All that she vaguely purports to say is that form about 1995, maintenance has not been paid to her. In the light of all these features, the impugned order has to be set aside. 8. However, we find that as per the statement given by defendants 1 and 2 a sum of Rs.7,650 is received by way of rent from those suit properties, which are, as per the claim of both the plaintiff on the one hand and defendants 1 and 2 on the other hand, common properties belonging to both the plaintiff and defendants 1 and 2. Whileso, we feel that it would be proper if some direction is given for the abovesaid proposed party getting at least a portion of the said rents as for her maintenance, since it is also said that not only her maintenance has to be taken care of, but also the maintenance of one of her above referred to two daughters, who still remain a minor, aged about 17 or so. It is also said that she has also one more minor child. In the above circumstances, the plaintiff himself has come forward to pay a sum of Rs.3,500 every month at least from now, towards the maintenance of the abovesaid proposed party and her children. Learned counsel for the plaintiff represented before us that the plaintiff would be paying the said sum of Rs.3,500 to the abovesaid proposed party every month.
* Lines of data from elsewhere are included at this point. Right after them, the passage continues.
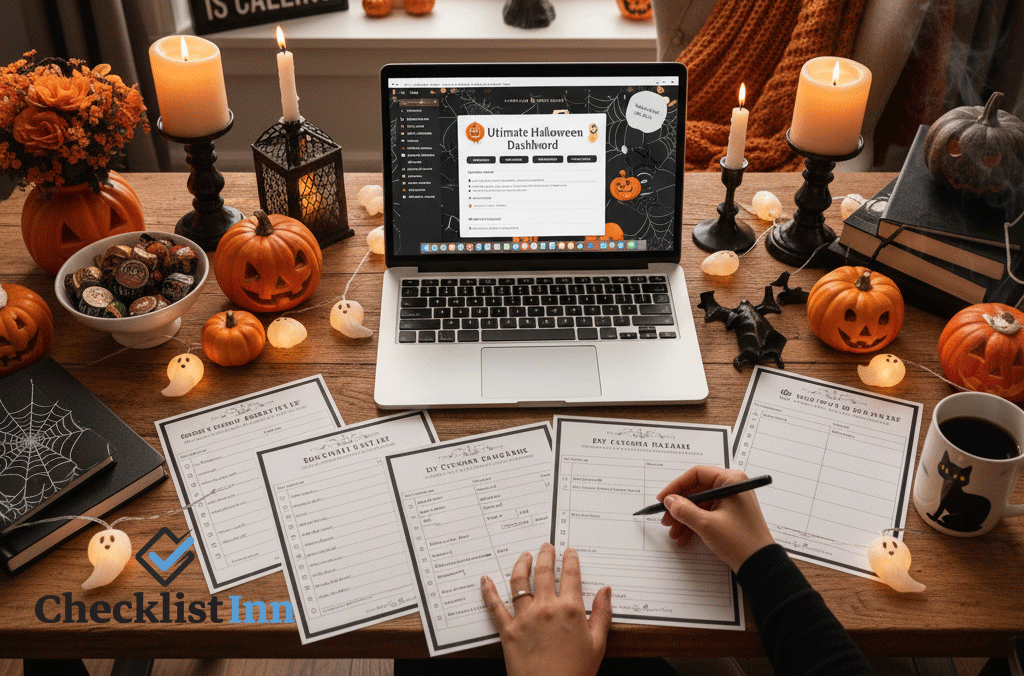 Person organizing Halloween checklist templates on a laptop and desk decorated with pumpkins and bats, representing a fun and organized Halloween planning setup.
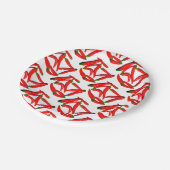 Stilvoll scharf gegrillter Chili Pepper Pappteller (Schrägansicht)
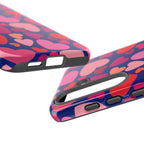Hearts Samsung Galaxy S24 Ultra Case – side view of case buttons and ports | navy, pink, blush, red heart print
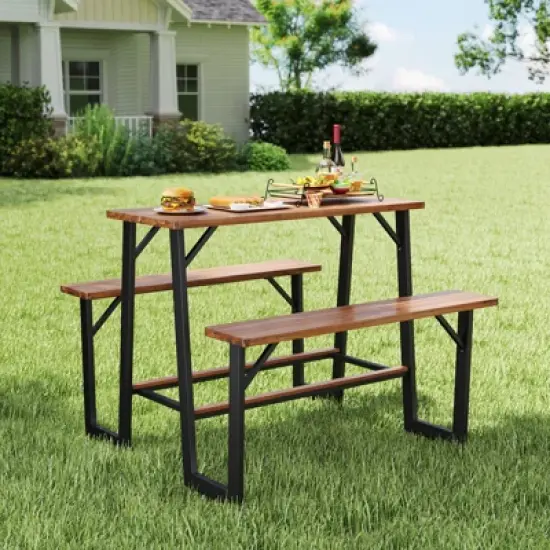 Tangkula Acacia Wood Picnic Table 4-Person Outdoor Table and Bench Set with 2 Built-in Benches Footrests Umbrella Hole Heavy-Duty Metal Frame image {2}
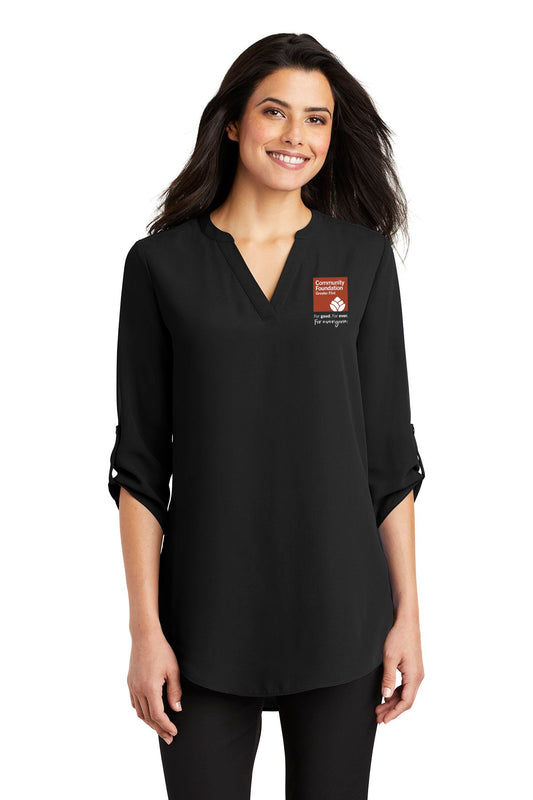 Community Foundation of Greater Flint Port Authority ® Ladies 3/4-Sleeve Tunic Blouse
In the circumstances, we direct the plaintiff to do so beginning from the month of December. 1996. The said monthly sum shall be paid every month beginning from the month of December, 1996. The amount payable for the month of December shall be paid on or before 20th December and accordingly, thereafter also, it shall be paid every month. 9. With the above direction, we set aside the impugned order and allow the appeals. However, in the circumstances of the case, there will be no order as to costs. Consequently, C.M.P.Nos.14572 and 16688 of 1996 are dismissed.